The impending closure of the National Hispanic University in San Jose, California, was sad news to many.
But the San Jose Mercury News reports that the campus will actually be continuing to serve Latino students in other ways, through three new initiatives by Santa Clara University and the NHU Foundation.
On the site, the Institute for Hispanic Educational Advancement will be launching in June. According to a news release, the center will focus on research, policies and practices related to education.
In addition, SCU will offer a graduate studies program through which students can earn a master’s degree in teaching and a California teaching credential. The university announced that scholarships will be provided to students who enroll in the program who commit to teaching in schools with significant Hispanic populations.

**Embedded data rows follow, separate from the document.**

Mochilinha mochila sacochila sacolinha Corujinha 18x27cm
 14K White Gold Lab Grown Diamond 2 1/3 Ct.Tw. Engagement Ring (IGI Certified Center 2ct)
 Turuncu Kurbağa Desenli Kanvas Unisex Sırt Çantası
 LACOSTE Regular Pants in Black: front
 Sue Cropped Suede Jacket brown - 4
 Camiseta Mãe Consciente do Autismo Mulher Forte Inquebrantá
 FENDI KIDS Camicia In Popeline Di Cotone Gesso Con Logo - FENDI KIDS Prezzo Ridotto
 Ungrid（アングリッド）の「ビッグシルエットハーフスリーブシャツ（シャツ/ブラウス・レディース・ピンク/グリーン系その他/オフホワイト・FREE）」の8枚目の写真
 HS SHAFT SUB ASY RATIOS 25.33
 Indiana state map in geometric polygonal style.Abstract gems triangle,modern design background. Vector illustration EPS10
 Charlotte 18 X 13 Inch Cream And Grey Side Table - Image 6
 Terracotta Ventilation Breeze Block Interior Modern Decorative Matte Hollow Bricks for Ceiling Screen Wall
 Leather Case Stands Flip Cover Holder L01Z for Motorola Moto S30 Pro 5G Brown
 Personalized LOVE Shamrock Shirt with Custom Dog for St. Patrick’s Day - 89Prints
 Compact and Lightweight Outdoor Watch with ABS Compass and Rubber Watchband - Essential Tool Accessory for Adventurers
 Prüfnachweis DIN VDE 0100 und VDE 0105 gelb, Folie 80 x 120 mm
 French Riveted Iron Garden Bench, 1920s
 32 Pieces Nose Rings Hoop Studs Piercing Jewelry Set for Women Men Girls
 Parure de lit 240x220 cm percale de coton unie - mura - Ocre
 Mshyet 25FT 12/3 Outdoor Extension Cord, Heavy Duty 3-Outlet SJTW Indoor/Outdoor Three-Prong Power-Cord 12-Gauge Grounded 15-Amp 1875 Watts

“Our goal is to offer innovative and transformative programs for teachers, who in turn make the greatest impact on the children whom they teach,” said Nicholas Ladany, dean of SCU’s School of Education and Counseling Psychology, according to the press release. “It is critical that schools of education learn about what works best for engaging Hispanic students, and we are humbled by this opportunity.”
In addition, two charter high schools, the Latino College Preparatory Academy and the Roberto Cruz Leadership Academy will be moved to the campus in July.
Former NHU president David Lopez will head up the new Institute, and told the newspaper that the institute will identify teaching methods to use at the high school, and some of the teachers being trained will assist with carrying out those initiatives.
“It’s a unique approach that doesn’t exist anywhere in the country right now,” said Lopez told the Mercury News. “We’re going to educate Latino kids to be the workforce of California, at all levels of society and the economy.”